We set up the MinaLima Design studio precisely to be able to engage in other projects in addition to our film work, keep our output vibrant, and remain challenged at all times by new types of commissions. Since we started the studio, we have designed ten books; street graphics for the Wizarding World of Harry Potter theme park in Orlando, Florida; album artwork; stationery brand packaging and stationery. Woop Studios, our own collection of illustrations, has probably been our favorite project as, selfishly, we got to be both the clients and the designers!
We have just finished designing props for the film version of J.K. Rowling’s Fantastic Beasts and Where to Find Them and are about to start illustrating our third book in a series of illustrated classic novels, Beauty and the Beast.
How are graphics used as storytelling devices in films? Every element of a film’s design has a responsibility to help tell its history up to and including the particular moment you are seeing on screen. The film’s architecture—its buildings and set design—will be the body and framework on which a final layer of details can be applied to enhance its personality and character. Graphics can act as this final layer to express the finer details of the film’s story or the characters who own the props. It communicates whatever information needs to be imparted immediately to the audience, be it something obvious like a newspaper displaying a loud headline or something more subtle, like how valuable or mysterious a film prop may be. Film graphics are as much about how the prop is finished—using aging or decoration—as they are about the prop’s fundamental design. We contribute to the fictitious environment created by everyone involved in making the film.
We are all constantly surrounded by inspiring stimuli—it’s just a matter of keeping our eyes open to capture it all.
What makes graphic design for films unique from its usage in other industries? The challenges of film design are very similar to those of design in other media such as advertising or editorial. There is a client: the director and producer. There is a story: the script, which is used to tell or invent the film’s narrative. Often, there is even branding: the world the story is set in. However, there are usually multiple stories and multiple brands to pack into one film, so we are working in a much more scattered way than might be the case on a more conventional graphic design commission. The unique benefits of being a film designer are largely thanks to the natural needs of a film production—we only have to make small quantities of a design for a film rather than mass productions, so we can really indulge in the choice of materials and finishes and have complete control over how a piece will be finished.

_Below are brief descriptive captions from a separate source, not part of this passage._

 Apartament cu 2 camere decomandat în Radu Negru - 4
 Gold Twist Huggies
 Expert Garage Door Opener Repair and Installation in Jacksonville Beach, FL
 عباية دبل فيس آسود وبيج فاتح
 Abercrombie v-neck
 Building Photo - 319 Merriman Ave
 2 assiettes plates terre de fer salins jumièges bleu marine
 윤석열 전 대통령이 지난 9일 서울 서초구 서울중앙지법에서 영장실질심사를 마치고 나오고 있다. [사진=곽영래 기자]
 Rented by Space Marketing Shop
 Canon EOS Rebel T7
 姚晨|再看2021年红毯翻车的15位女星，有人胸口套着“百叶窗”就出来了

Tell us more about your research process. This is definitely the most interesting—and sometimes frustrating!—part of a project. We are quite open to what resources we turn to. We’re mostly inspired by our ever-growing library of books and also by visiting museums, archives and, very occasionally, the Internet! We don’t make a habit of following design trends, as this is not necessarily relevant to a film’s storytelling needs and can sometimes distract from having our own visual voice in original films. None the less, it is imperative on a personal level to keep an eye on what’s happening out there in the graphic design landscape.
If we are researching for a historical, factual project, then the research becomes a critical tool rather than a springboard for fantastical ideas. Designing the graphic props for historical drama The Imitation Game required in-person research on the original documentation from the World War II code-breaking site Bletchley Park and archival material from British pioneering computer scientist Alan Turing. For Fantastic Beasts, we delved into some extraordinary historical archives in New York to find original ephemera from the 1900s. It was a useful reminder that the English language of America can be quite different than that used in the United Kingdom. This is the sort of subtle but essential detail we pay attention to in order to strengthen the credibility of the graphics for a film.
Who do you collaborate with before you begin the actual process of design for a new film project? Our chain of command includes the production designer, the director and the producer. Once we have conceived an idea in response to the script, we require their approval to make the prop. For the Harry Potter films, we would occasionally need to reach out to author J.K. Rowling to help fill in any bits of backstory essential to creating these objects. For example, when designing the character Sirius Black’s family tree tapestry, we couldn’t possibly know exactly who was related to whom and how many members of the family should be represented! Rowling supplied us with the full genealogical picture straight away.
Is it important for graphic designers to have a formal education in filmmaking if they want to break into the film industry? A formal education in filmmaking is just one way into film, but we consider it essential to have a passion for typography, ephemera and patterns—both historical and contemporary. We’d always recommend building your own archive, be it through collecting found objects and ephemera, buying books, or simply scanning copies of fonts, textures and patterns that make you tick. Don’t wait for the project to dictate what you collect. Keep arming yourself with materials as you find them! We are all constantly surrounded by inspiring stimuli—it’s just a matter of keeping our eyes open to capture it all.